> [Records provided]
Start of Block
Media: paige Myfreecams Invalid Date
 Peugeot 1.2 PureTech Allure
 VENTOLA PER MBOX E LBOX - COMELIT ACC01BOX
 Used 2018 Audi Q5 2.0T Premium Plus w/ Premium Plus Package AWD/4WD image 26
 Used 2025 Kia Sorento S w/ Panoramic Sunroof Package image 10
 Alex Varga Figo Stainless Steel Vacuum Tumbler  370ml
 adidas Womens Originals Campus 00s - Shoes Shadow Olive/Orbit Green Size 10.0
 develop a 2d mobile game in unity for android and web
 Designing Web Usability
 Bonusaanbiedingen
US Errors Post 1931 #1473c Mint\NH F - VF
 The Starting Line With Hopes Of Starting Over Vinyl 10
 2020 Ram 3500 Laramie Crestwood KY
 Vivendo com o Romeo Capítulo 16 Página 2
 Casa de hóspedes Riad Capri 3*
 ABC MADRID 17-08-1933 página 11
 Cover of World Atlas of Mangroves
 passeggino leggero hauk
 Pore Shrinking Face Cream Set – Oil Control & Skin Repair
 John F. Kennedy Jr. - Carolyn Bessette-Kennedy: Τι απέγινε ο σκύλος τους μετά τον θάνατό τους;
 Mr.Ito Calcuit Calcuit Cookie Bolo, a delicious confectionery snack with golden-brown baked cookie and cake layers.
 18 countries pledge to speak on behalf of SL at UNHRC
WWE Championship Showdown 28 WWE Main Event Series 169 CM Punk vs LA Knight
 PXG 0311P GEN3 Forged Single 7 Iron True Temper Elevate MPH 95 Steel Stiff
End of Block
> [Your instructions] Set out exactly the run of lines that begins at the line holding "The Starting Line" and ends at the last line of the data.

> [Reply to the task]
 The Starting Line With Hopes Of Starting Over Vinyl 10
 2020 Ram 3500 Laramie Crestwood KY
 Vivendo com o Romeo Capítulo 16 Página 2
 Casa de hóspedes Riad Capri 3*
 ABC MADRID 17-08-1933 página 11
 Cover of World Atlas of Mangroves
 passeggino leggero hauk
 Pore Shrinking Face Cream Set – Oil Control & Skin Repair
 John F. Kennedy Jr. - Carolyn Bessette-Kennedy: Τι απέγινε ο σκύλος τους μετά τον θάνατό τους;
 Mr.Ito Calcuit Calcuit Cookie Bolo, a delicious confectionery snack with golden-brown baked cookie and cake layers.
 18 countries pledge to speak on behalf of SL at UNHRC
WWE Championship Showdown 28 WWE Main Event Series 169 CM Punk vs LA Knight
 PXG 0311P GEN3 Forged Single 7 Iron True Temper Elevate MPH 95 Steel Stiff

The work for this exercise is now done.